CF1873E Building an Aquarium

You love fish, that's why you have decided to build an aquarium. You have a piece of coral made of $ n $ columns, the $ i $ -th of which is $ a_i $ units tall. Afterwards, you will build a tank around the coral as follows: - Pick an integer $ h \geq 1 $ — the height of the tank. Build walls of height $ h $ on either side of the tank. - Then, fill the tank up with water so that the height of each column is $ h $ , unless the coral is taller than $ h $ ; then no water should be added to this column. For example, with $ a=[3,1,2,4,6,2,5] $ and a height of $ h=4 $ , you will end up using a total of $ w=8 $ units of water, as shown.  You can use at most $ x $ units of water to fill up the tank, but you want to build the biggest tank possible. What is the largest value of $ h $ you can select?
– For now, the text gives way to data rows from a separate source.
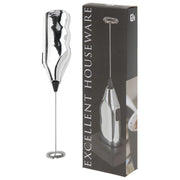 Koopman International BV, Montalatte, Cromo, Montalatte Elettrico Portatile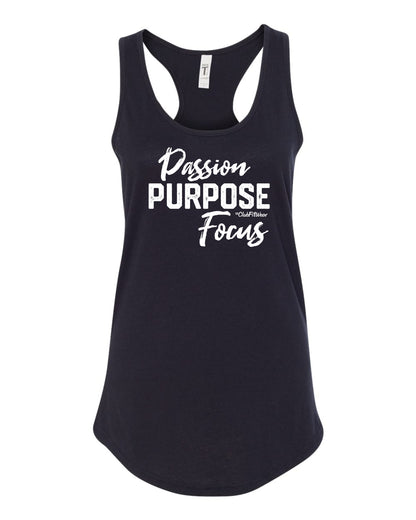 Passion Purpose Focus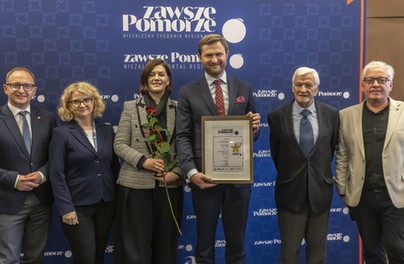 Nagroda dla Gdańska za nowoczesną szkołę. Szybka budowa i zielone rozwiązania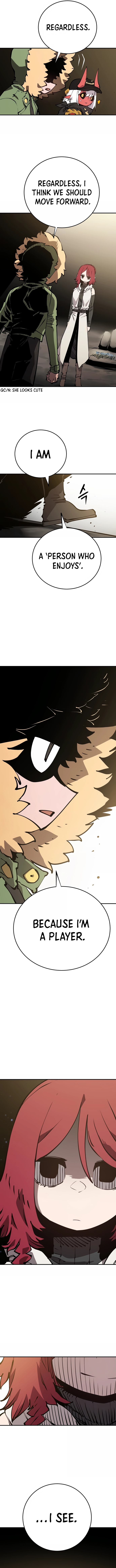 Read Player (2020) chapter 99 image 5 on Lezhin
The first line contains a single integer $ t $ ( $ 1 \leq t \leq 10^4 $ ) — the number of test cases. The first line of each test case contains two positive integers $ n $ and $ x $ ( $ 1 \leq n \leq 2 \cdot 10^5 $ ; $ 1 \leq x \leq 10^9 $ ) — the number of columns of the coral and the maximum amount of water you can use. The second line of each test case contains $ n $ space-separated integers $ a_i $ ( $ 1 \leq a_i \leq 10^9 $ ) — the heights of the coral. The sum of $ n $ over all test cases doesn't exceed $ 2 \cdot 10^5 $ .

For each test case, output a single positive integer $ h $ ( $ h \geq 1 $ ) — the maximum height the tank can have, so you need at most $ x $ units of water to fill up the tank. We have a proof that under these constraints, such a value of $ h $ always exists.

The first test case is pictured in the statement. With $ h=4 $ we need $ 8 $ units of water, but if $ h $ is increased to $ 5 $ we need $ 13 $ units of water, which is more than $ x=9 $ . So $ h=4 $ is optimal. In the second test case, we can pick $ h=4 $ and add $ 3 $ units to each column, using a total of $ 9 $ units of water. It can be shown that this is optimal. In the third test case, we can pick $ h=2 $ and use all of our water, so it is optimal.